## WHAT THE TASK ASKS
Exactly reproduce the line containing "Use a signature" and all later lines to the end of the entries, leaving the pictures out of your copy.

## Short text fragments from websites

——————————

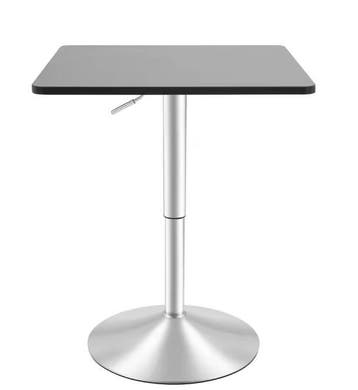 Verstelbare Vierkante Bartafel – 360° Draaibaar Design Zilve, Verzenden, Nieuw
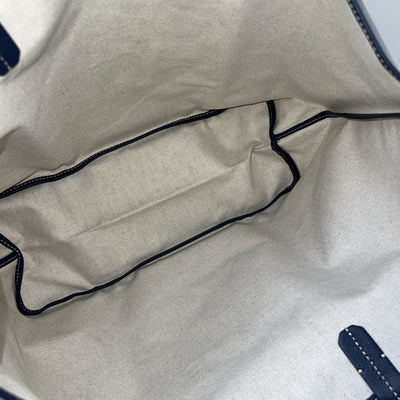 Goyard Saint Louis PM Tote in Bleu Marine Signature Goyardine Canvas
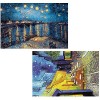 Petits Puzzles pour Adultes, 2 Ensembles De Peinture Célèbre Mini Puzzles De Puzzles Défiant Peinture À lhuile Mini Puzzles 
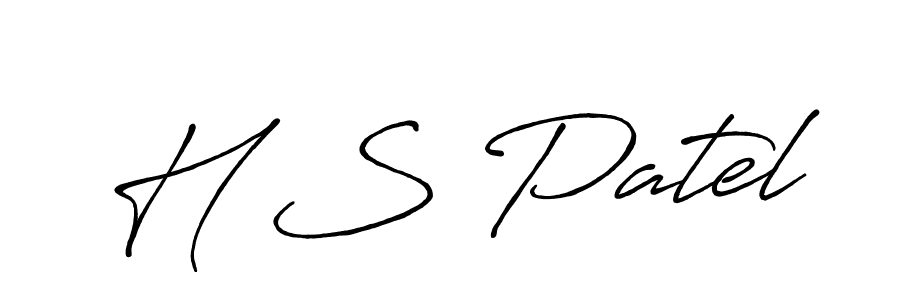 Use a signature maker to create a handwritten signature online. With this signature software, you can design (Antro_Vectra_Bolder) your own signature for name H S Patel. H S Patel signature style 7 images and pictures png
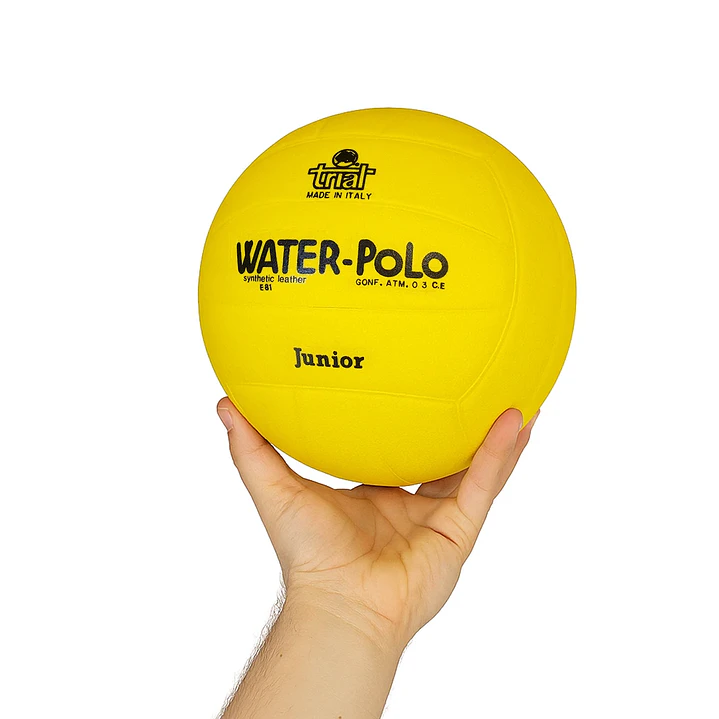 Balón EVA para Waterpolo Junior E81 amarillo 2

——————————

## FINAL ANSWER
 Use a signature maker to create a handwritten signature online. With this signature software, you can design (Antro_Vectra_Bolder) your own signature for name H S Patel. H S Patel signature style 7 images and pictures png
 Balón EVA para Waterpolo Junior E81 amarillo 2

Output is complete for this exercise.